Like many concepts in mathematics, linearity has multiple interpretations and meanings. What do we mean when we say something is linear? Well, it depends on what follows. A linear relationship is different from a linear system. Let’s see why.

### Linear Relationships

Suppose I’m Mark Zuckerberg, and I have a theory that mathematicians are motivated by money1. My hypothesis is that there is a linear relationship between the percentage of people majoring in mathematics, $y$ and the starting salaries of mathematicians $x$. In other words, $y = mx + b$. Here is our data2:

enrollment <- c(rep(.7,3), rep(.6,2), rep(.7,5), rep(.8,4), rep(.9,2))
names(enrollment) <- 1:length(enrollment) + 1994

salary <- c(rep(94,3), rep(82,2), rep(94,5), rep(106,4), rep(118,2))
names(salary) <- 1:length(salary) + 1994


Plotting out this contrived example, we see that the relationship does seem to take the shape of a line.
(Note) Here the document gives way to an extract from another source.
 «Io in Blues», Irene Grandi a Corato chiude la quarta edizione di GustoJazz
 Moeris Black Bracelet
How might we find the slope and y-intercept? Recall that in algebra, we first solve for $m$ and then $b$. Of course $m = \frac{y_2 - y_1}{x_2 - x_1} = 8.3e-3$. Therefore, $b = y - mx = -0.08333333$. Note that we can accomplish the same thing with a linear regression.
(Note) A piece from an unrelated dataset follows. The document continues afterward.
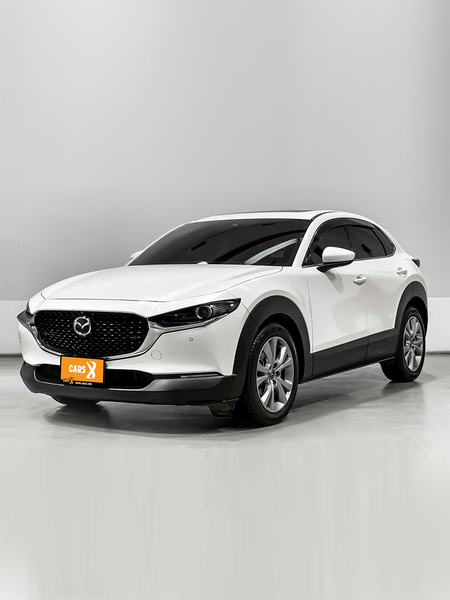 2020 MAZDA CX-30 2.0 SP [1P2486V]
> lm(enrollment ~ salary, data.frame(enrollment, salary))

Call:
lm(formula = enrollment ~ salary, data = data.frame(enrollment,
salary))

Coefficients:
(Intercept)       salary
-0.083333     0.008333


We call these linear models precisely because the relationship between the response and the predictors can be described by a line. Note that it doesn’t matter if we have one or more than one predictor, since the equation is simply a line in multiple dimensions.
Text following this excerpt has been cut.